Wien/Ett. Anders als im Sommer 2006 steht keine Nationalratswahl unmittelbar bevor, Warnungen vor einem neuen Pflegenotstand wegen eines wachsenden Personalmangels werden auch deswegen auf Bundesebene prompt an die Länder weitergespielt. Nach dem Alarm des Vorsitzenden der Vereinigung der Pflegedirektoren, Karl Schwaiger („Presse“-Mittwochsausgabe), sah sich das Sozialministerium, das auf Bundesebene für die Pflege zuständig ist, nicht als erste Ansprechadresse.
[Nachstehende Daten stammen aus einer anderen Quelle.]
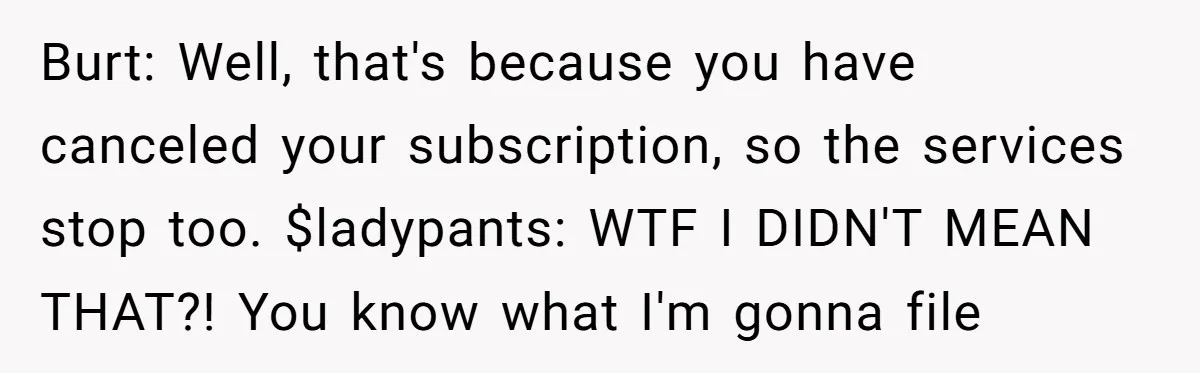 Burt: Well, that's because you have canceled your subscription, so the services stop too. $ladypants: WTF I DIDN'T MEAN THAT?! You know what I'm gonna file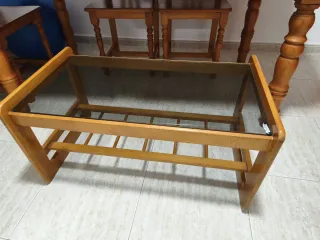 Mesa auxiliar madera y cristal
Dafür seien die Bundesländer zuständig, lautete die höfliche Erstreaktion in dem von Rudolf Hundstorfer (SPÖ) geführten Sozialressort.

Die Bundesregierung betrachtet ihre Aufgabe vorerst als erfüllt, nachdem im April des Vorjahres unter der Federführung von Hundstorfer und Finanzministerin Maria Fekter (ÖVP) mit den Ländern paktiert wurde, dass von 2011 bis 2014 zusätzlich in Summe 680 Millionen Euro für einen Pflegefonds bereitgestellt werden. Die Aufteilung erfolgt nach der Einwohnerzahl der Länder.

Der Bund lässt sich zur Kontrolle von den Ländern Bericht erstatten, was diese konkret mit den zusätzlichen Mitteln für die Pflege machen. Dazu waren die Länder erstmals im Herbst 2011 verpflichtet, bevor das Geld aus den Bundesmitteln freigegeben wurde. Insgesamt wendet der Bund schon bisher rund zwei Milliarden Euro pro Jahr für die Pflege auf, großteils für das Pflegegeld an rund 430.000 Bezieher bundesweit. Für heuer geht es um 150 Millionen Euro extra, damit Länder und Gemeinden Pflegedienste ausbauen können.

Erste Bilanz über Mittelvergabe

Das Sozialministerium gibt jetzt auf Anfrage der „Presse“ Einblick, was mit den Zusatzmillionen passiert. Das variiert stark:
•Bei den mobilen Diensten werden die jährlichen Leistungsstunden zwischen 1,5Prozent (Burgenland) und 48Prozent (Oberösterreich) erhöht. Die durchschnittlich erwartete Steigerung liegt bei zehn Prozent. Insgesamt wird heuer mit 1,16 Millionen an zusätzlichen Leistungsstunden für die Pflege gerechnet.
•Im stationären Bereich ist eine Erhöhung der jährlichen Verrechnungstage von 3,5Prozent (Niederösterreich) bis 36,7Prozent (Tirol) vorgesehen. Der Durchschnitt liegt bei 11,9Prozent.
•Bei den teilstationären Diensten werden die Besuchstage um 10,2Prozent (Wien) bis 39,1Prozent (Burgenland) ausgeweitet. Im Schnitt gibt es ein Plus von 13,6 Prozent, in absoluten Zahlen wird mit 42.117 Besuchstagen mehr durch Pflegekräfte gerechnet.

Volle Unterstützung für Pflegedirektoren-Chef Schwaiger bekundet der grüne Sozialsprecher Karl Öllinger: „Wir waren immer für eine Aufwertung der Pflegeberufe. Für uns heißt das Investieren in die Qualifizierung der Pflegekräfte.“ Der „springende Punkt“ sei eine bessere Entlohnung des Pflegepersonals, stellt Öllinger fest.